*PROBLEM TO SOLVE*: Take the line containing "Η στιγμή του" and each line after it through the end of the data below, and return them exactly, minus any pictures.

Image-text web data:
..........

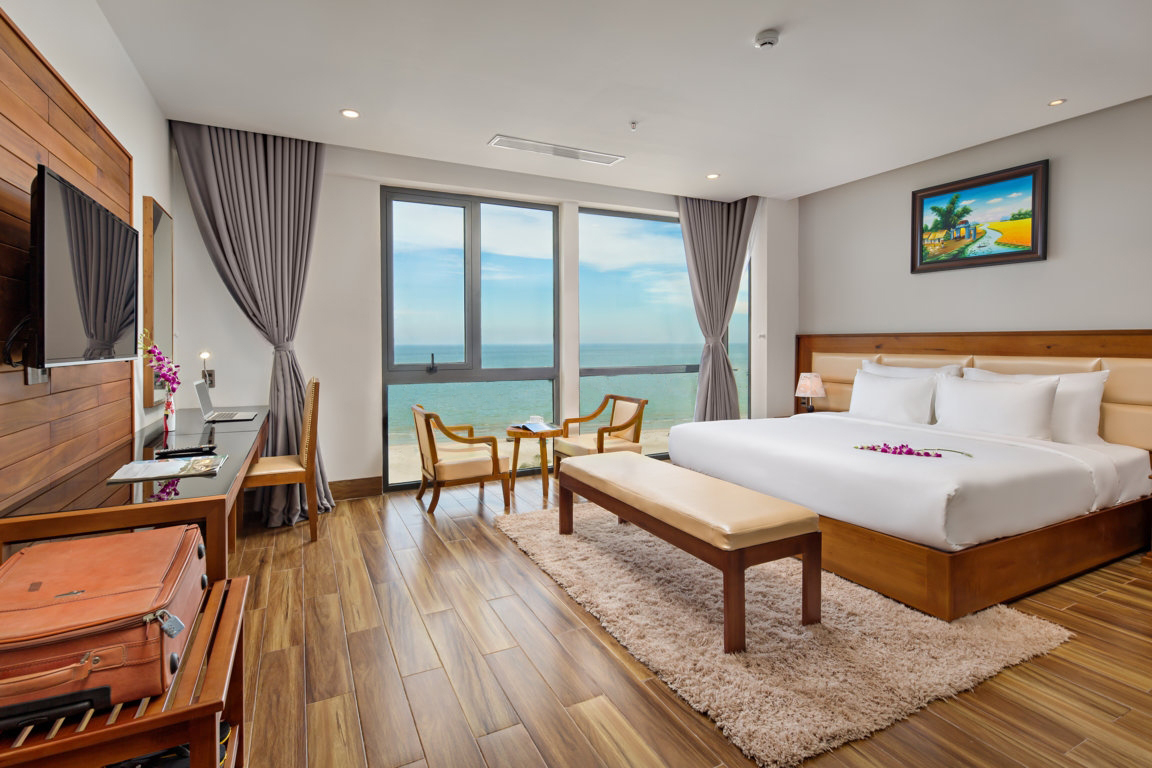 Review Alisia Beach Hotel: Vị trí, hạng phòng, tiện ích và giá tham khảo
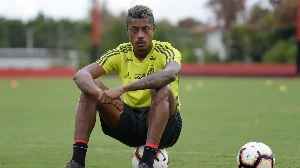 Notícias ao Minuto Brasil - Esporte - Bruno Henrique e Varela treinam com grupo e aumentam chances de jogo no Fla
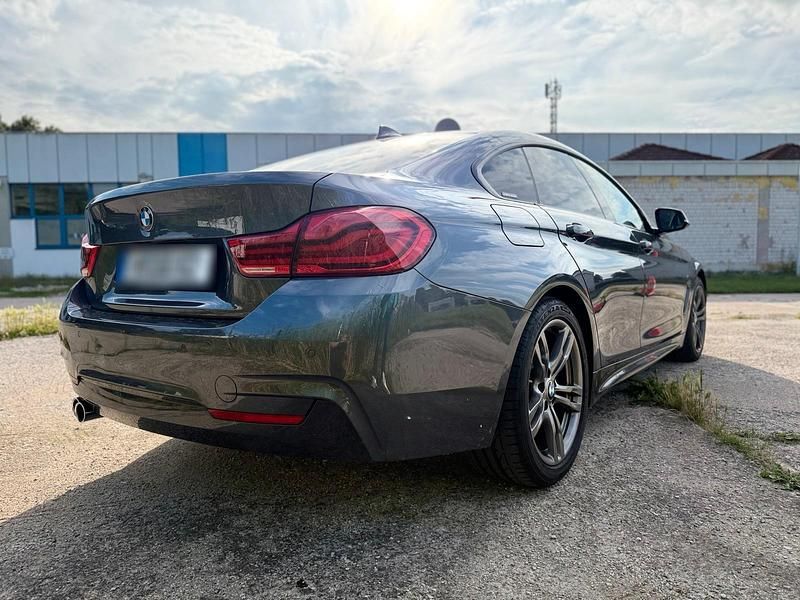 Grau Gebraucht 2017 BMW 420 M Sport Coupé | 24.499 € (Etwas zu teuer) - Bild 1/4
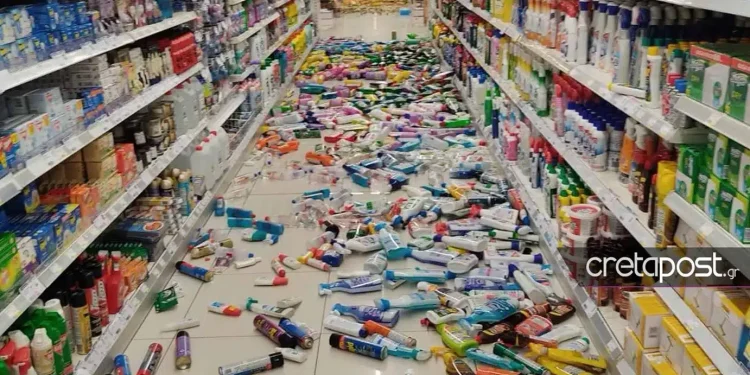 Η στιγμή του σεισμού και εικόνες από την Κρήτη μετά τα 6,1 Ρίχτερ, πετάχτηκαν οι άνθρωποι από τα κρεβάτια τους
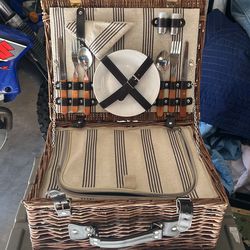Picnic basket never used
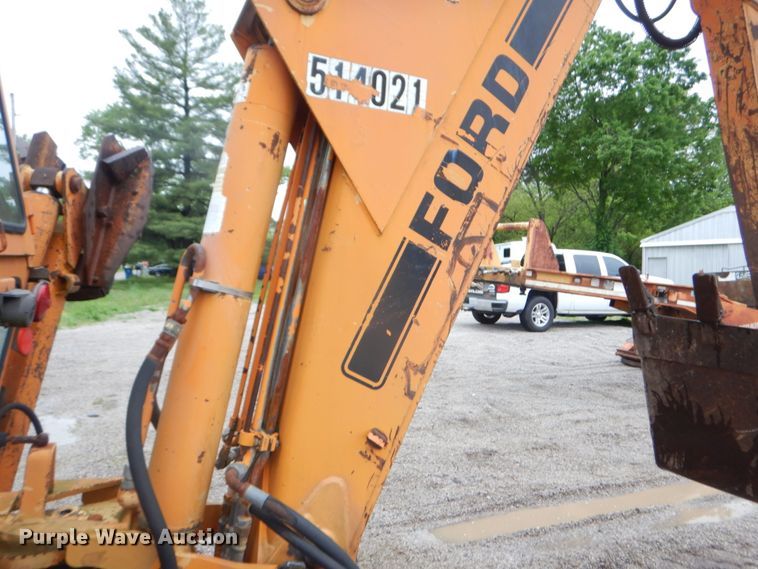 image for item IT9020 Ford DF8111  backhoe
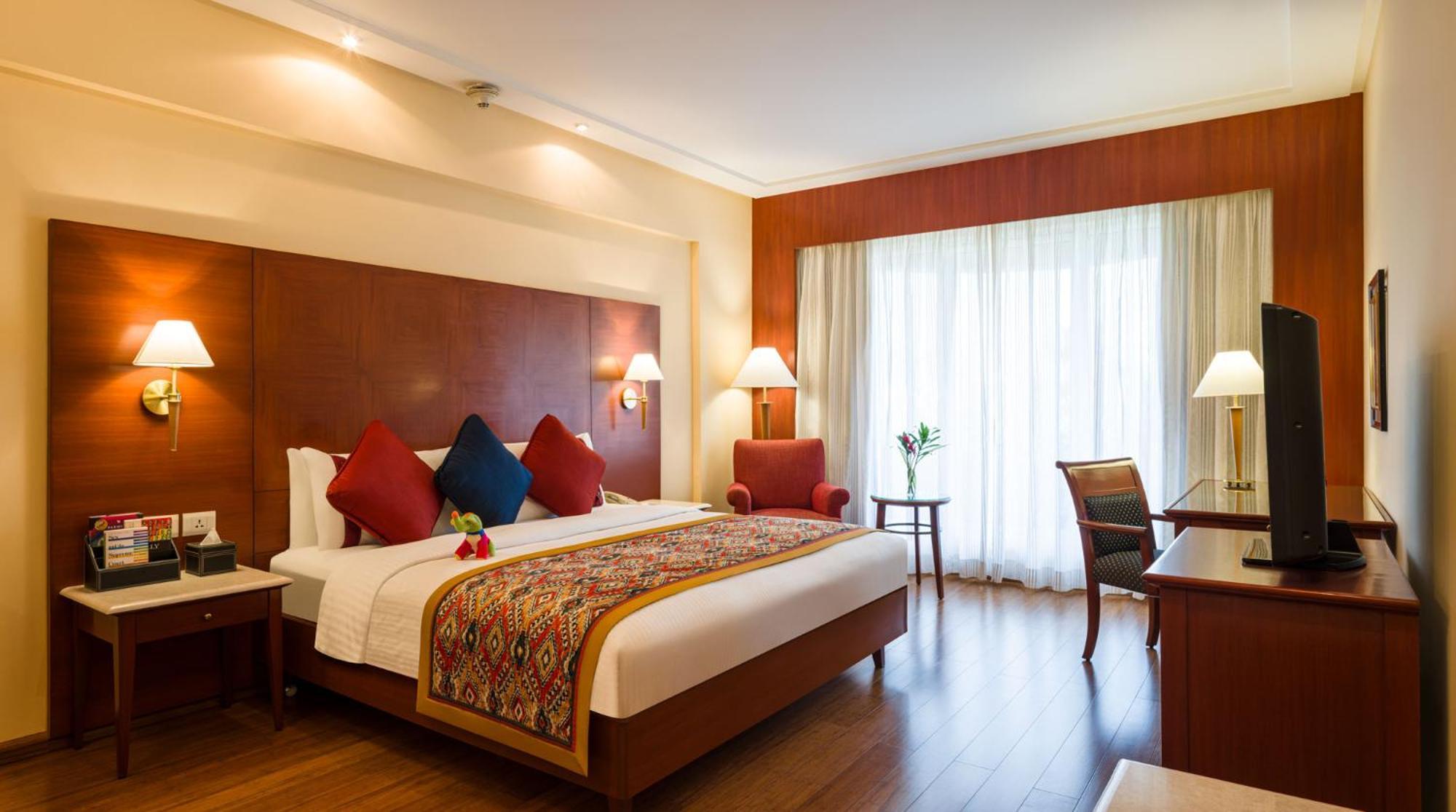 Deluxe Double Room on Food Beverage Spa on Laundry service
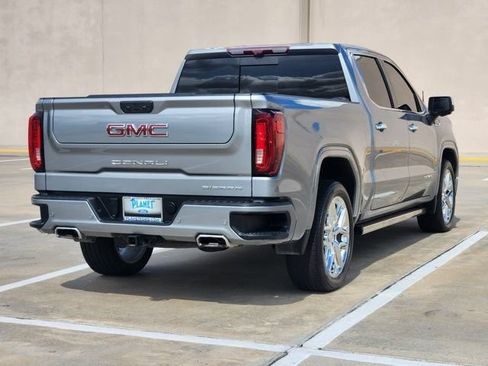 Used 2024 GMC Sierra 1500 Denali w/ Technology Package AWD/4WD image 5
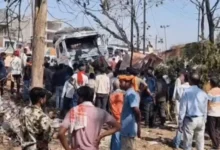 झारखंड : अनियंत्रित ट्रेलर का कहर...टेंपो-बस को मारी टक्कर, फल दुकान में घुसा ट्रक; युवक की मौत, 5 घायल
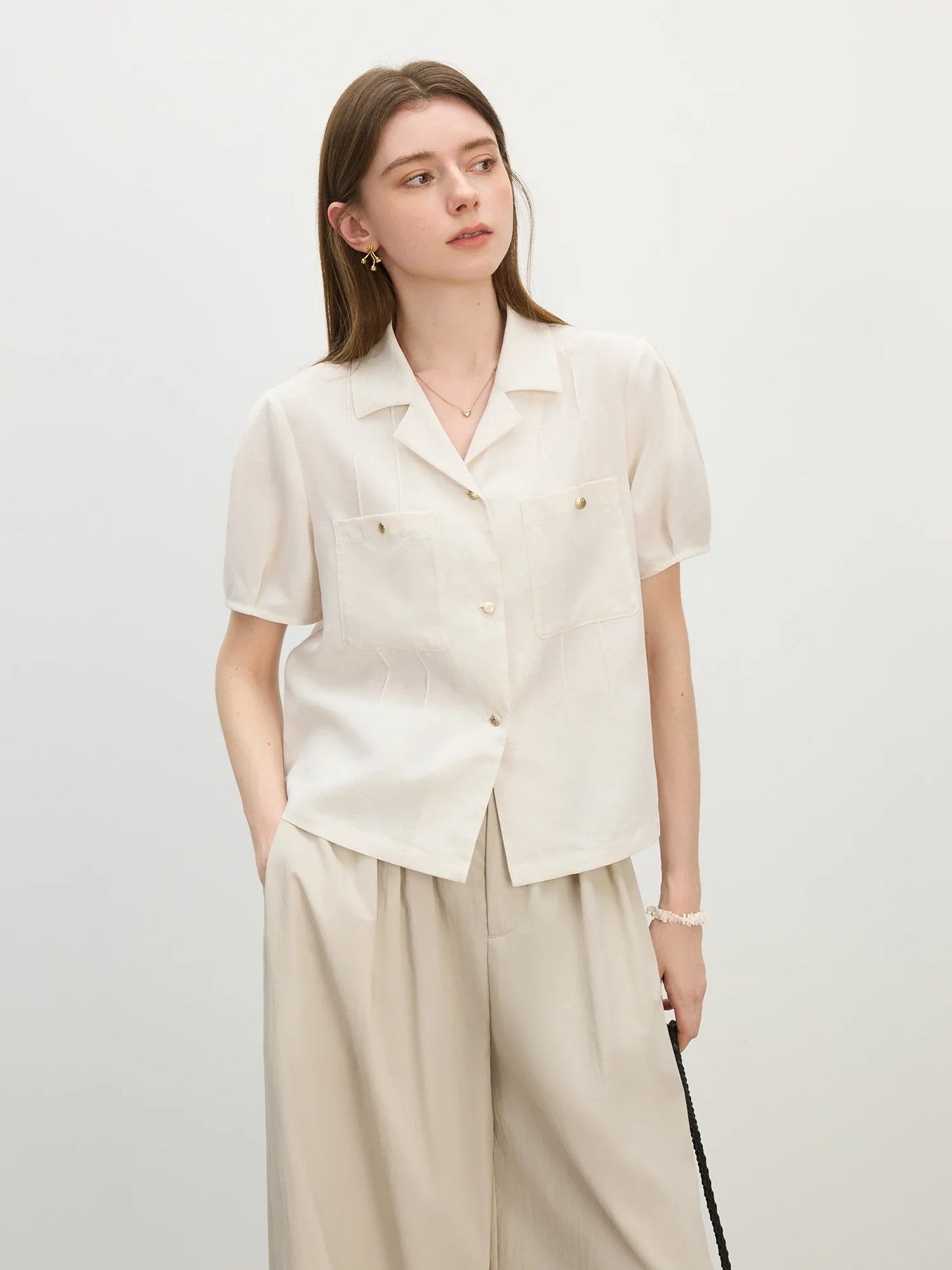 Minimalism Style Linen Short-sleeved Shirt For Women Summer 2025 New Arrival Simple Retro Suit Collar Shirt 25FS12511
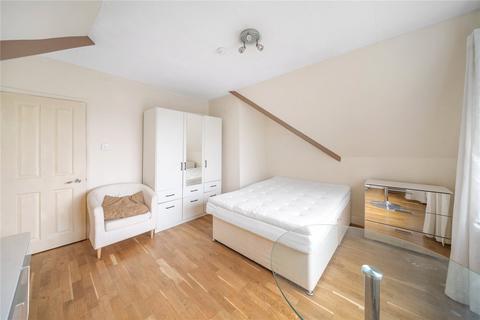 Studio to rent, Aldrington Road, London, SW16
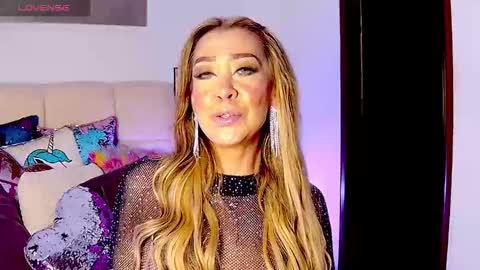 EvelynaGrey online show from November 2025 12:33:01 AM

..........

*RESPONSE BOX*:
 Η στιγμή του σεισμού και εικόνες από την Κρήτη μετά τα 6,1 Ρίχτερ, πετάχτηκαν οι άνθρωποι από τα κρεβάτια τους
Picnic basket never used
 image for item IT9020 Ford DF8111  backhoe
 Deluxe Double Room on Food Beverage Spa on Laundry service
 Used 2024 GMC Sierra 1500 Denali w/ Technology Package AWD/4WD image 5
 झारखंड : अनियंत्रित ट्रेलर का कहर...टेंपो-बस को मारी टक्कर, फल दुकान में घुसा ट्रक; युवक की मौत, 5 घायल
 Minimalism Style Linen Short-sleeved Shirt For Women Summer 2025 New Arrival Simple Retro Suit Collar Shirt 25FS12511
 Studio to rent, Aldrington Road, London, SW16
 EvelynaGrey online show from November 2025 12:33:01 AM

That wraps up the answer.